The oxalic acid-assisted fast pyrolysis of biomass for the sustainable production of furfural

Abstract

Pyrolysis is a promising thermal conversion technique of biomass to tackle the energy crisis and environmental pollution. Furfural (FF) is an important pyrolysis product from biomass-based materials and a crucial platform compound for energy and fuels. In the present study, we developed a new and green approach to selectively produce FF through the oxalic acid-assisted fast pyrolysis (OAFP) of corncob (CC). The FF yield was up to 16.5 wt% (based on raw CC) through the fast pyrolysis of the solid mixture of CC and OA with a ratio of 1:4 (CC/OA) at 400 °C during the micro-pyrolysis coupled with online-detection experiments. The corresponding FF selectivity was 56.5% (based on raw CC). Under similar experimental parameters, a yield of 10.0 wt% (based on raw CC) was achieved with a lab-scale setup. Experiment and density functional theory (DFT) calculation results suggested that OA played a catalyst-like role in the selective formation of FF from hemicellulose (mainly xylose units) of CC and meanwhile decomposed during the pyrolysis process.
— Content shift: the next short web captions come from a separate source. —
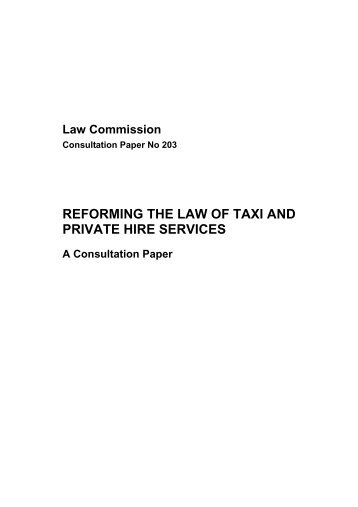 reforming the law of taxi and private hire services - Law Commission
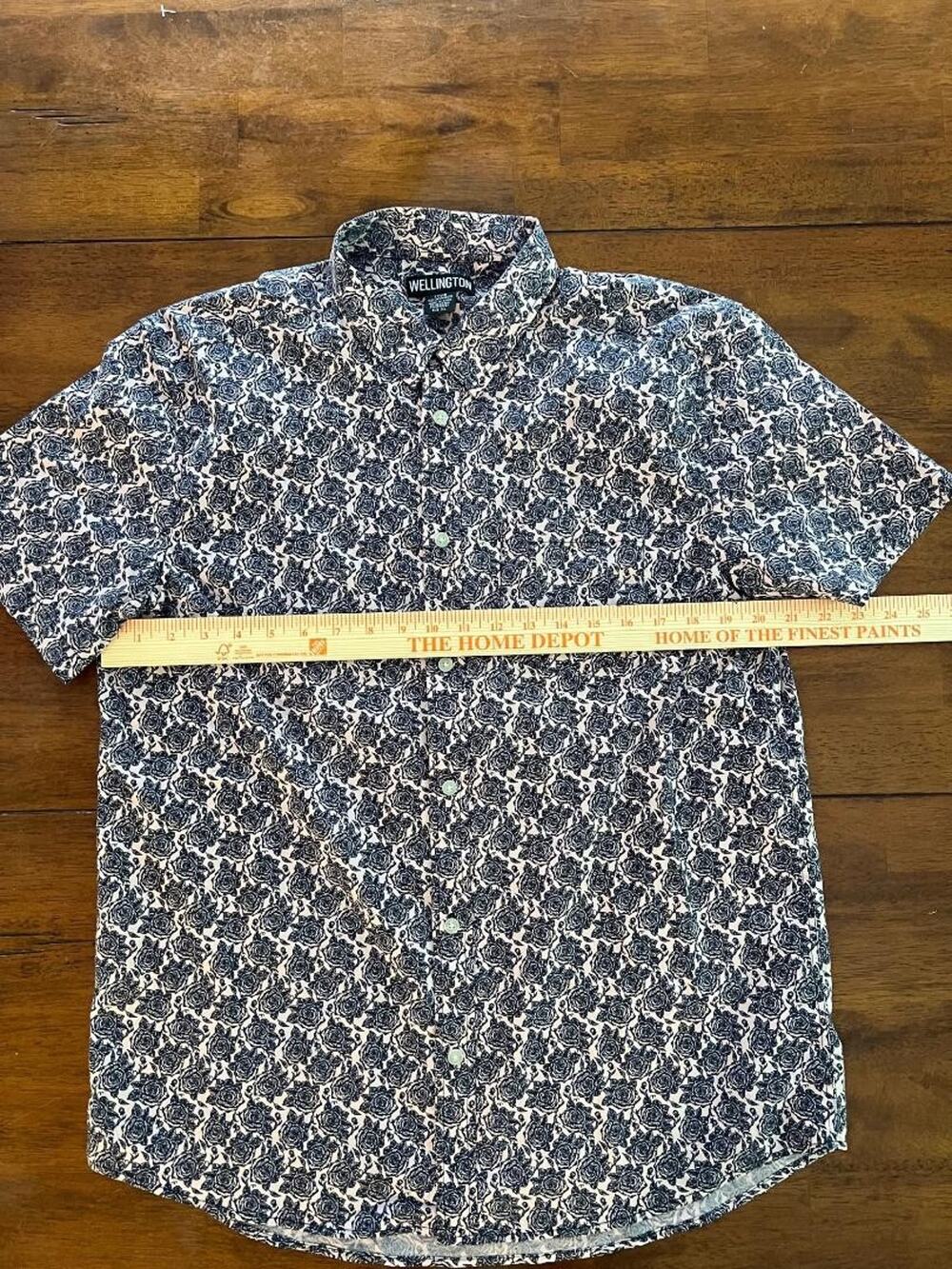 Mens Wellington Short Sleeve Button Up Shirt, Size XL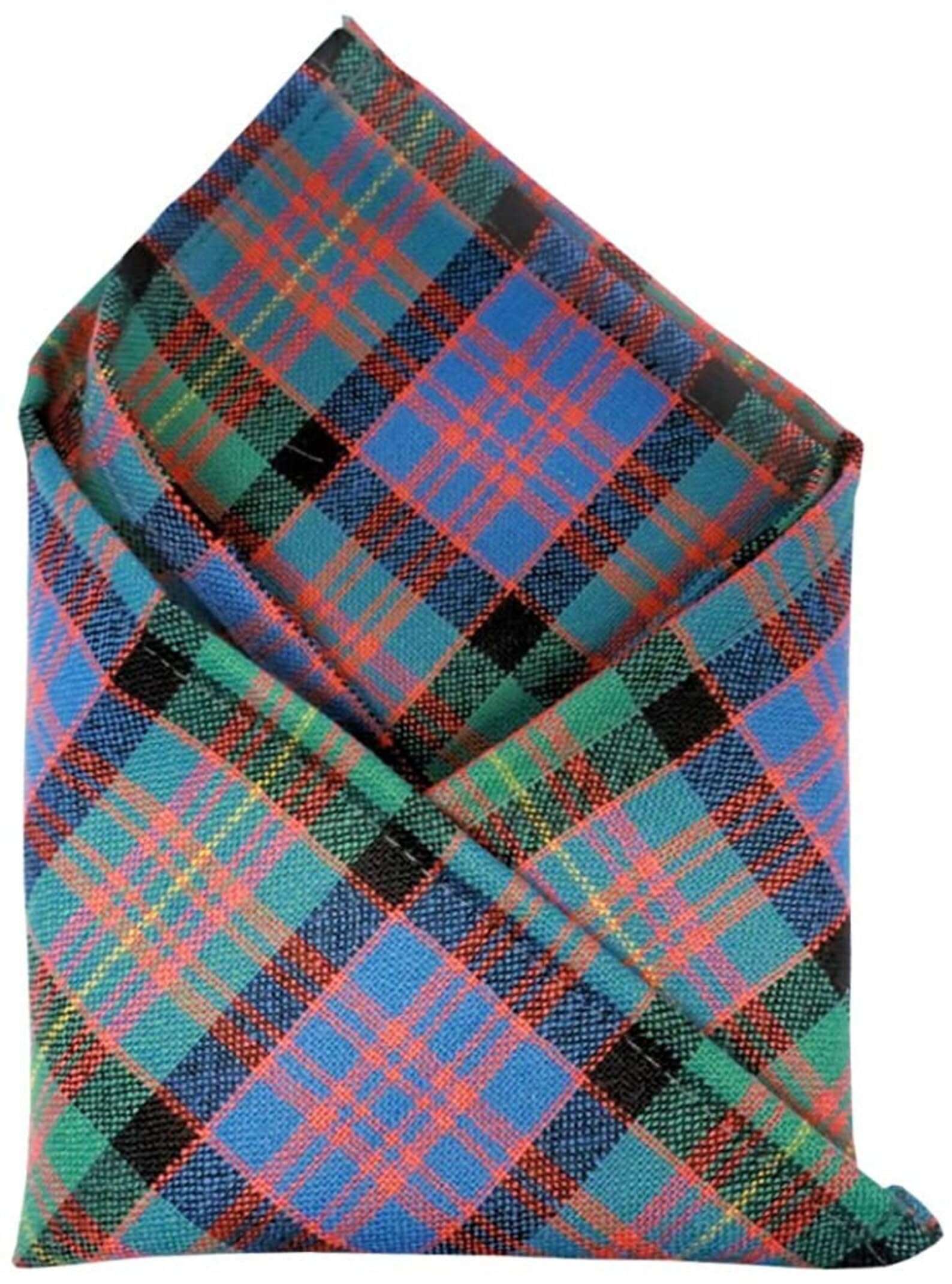 Highland Tweed Gents Pure Wool Carnegie Ancient Tartan Pocket Square - MADE IN SCOTLAND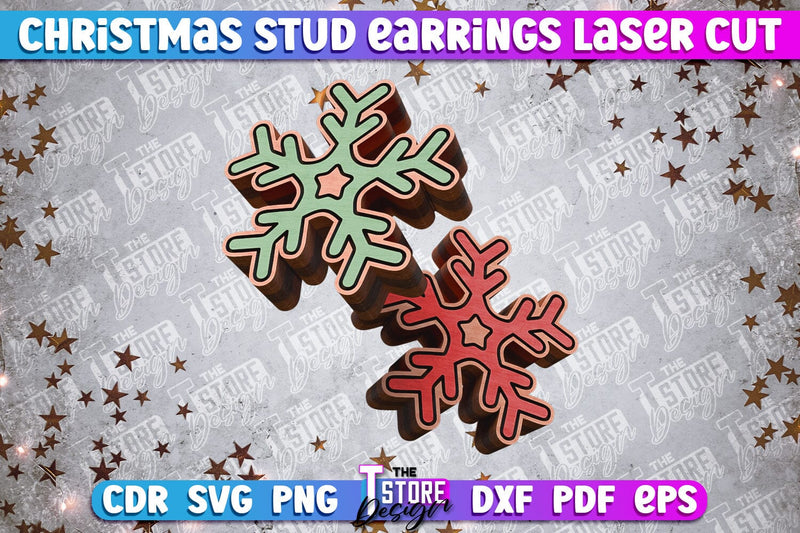 Christmas Stud Earrings | Jewelry Design | Christmas Gift Idea | CNC File SVG The T Store Design 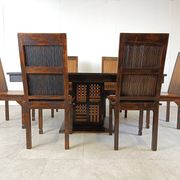 Mid-century bamboo high back dining chairs with table, 1960s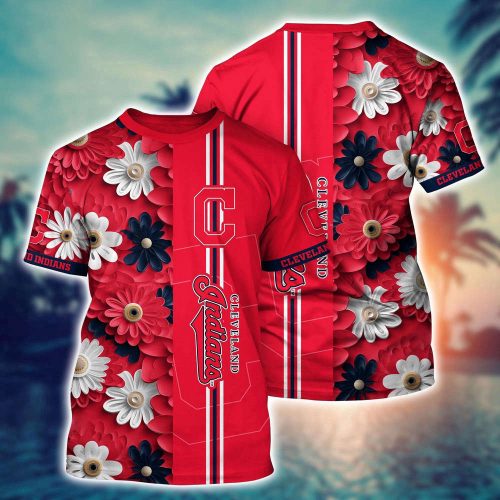 MLB Cleveland Indians 3D T-Shirt Blossom Bloom For Sports Enthusiasts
The formic acid (FA) decomposed from OA had a similar but lighter effect than OA. With the assistance of OA, the energy barriers of the FF formation reactions decrease dramatically and the competitiveness of the pathways is also altered, which contributes a lot to the FF selective generation. FF is mainly generated in a chain propagation pattern from the acyclic reducing end and unsaturated (C4C5 bond) non-reducing end of the xylan chain.